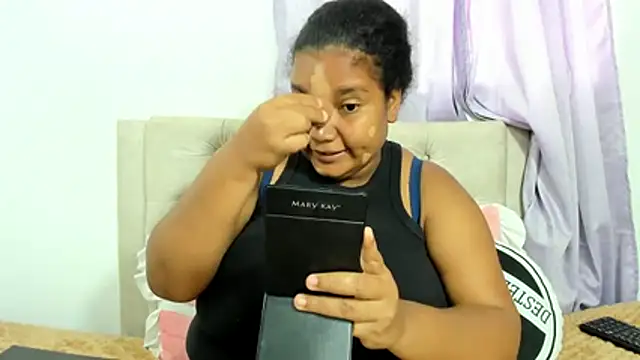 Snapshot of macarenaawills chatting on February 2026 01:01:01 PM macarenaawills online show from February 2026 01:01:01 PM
==
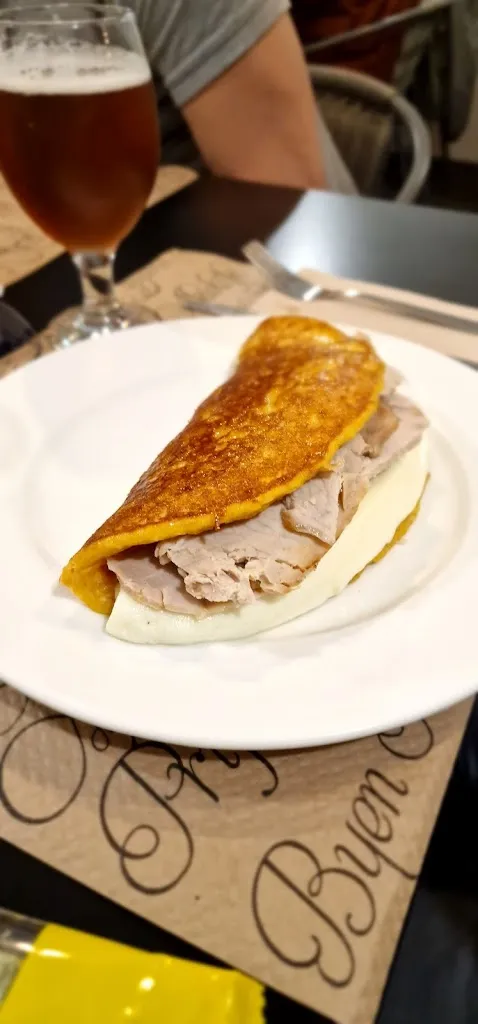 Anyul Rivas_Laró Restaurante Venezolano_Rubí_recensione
---
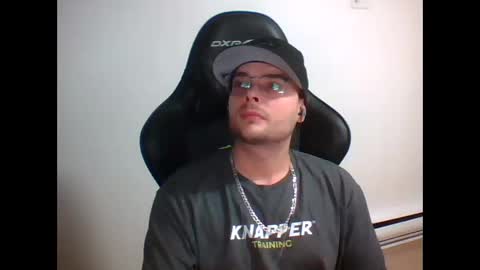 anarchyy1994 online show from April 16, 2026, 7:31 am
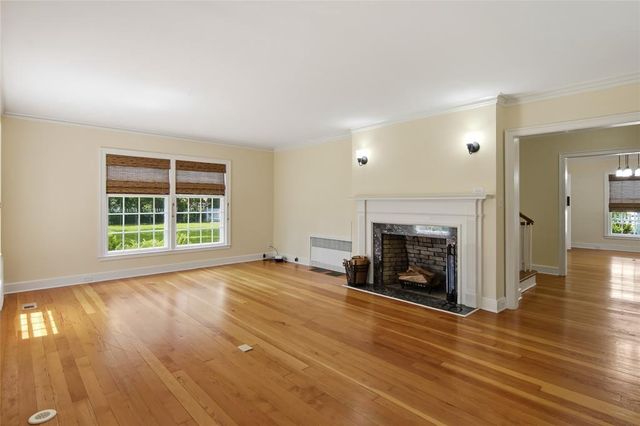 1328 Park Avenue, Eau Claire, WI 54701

* Required action
Only one part of the listing is wanted: the lines from the one containing "anarchyy1994 online show" through the one containing "1328 Park Avenue, Eau Claire, WI 54701", both included. Please transcribe it exactly, leaving out the pictures.

* Solution to this problem
 anarchyy1994 online show from April 16, 2026, 7:31 am
 1328 Park Avenue, Eau Claire, WI 54701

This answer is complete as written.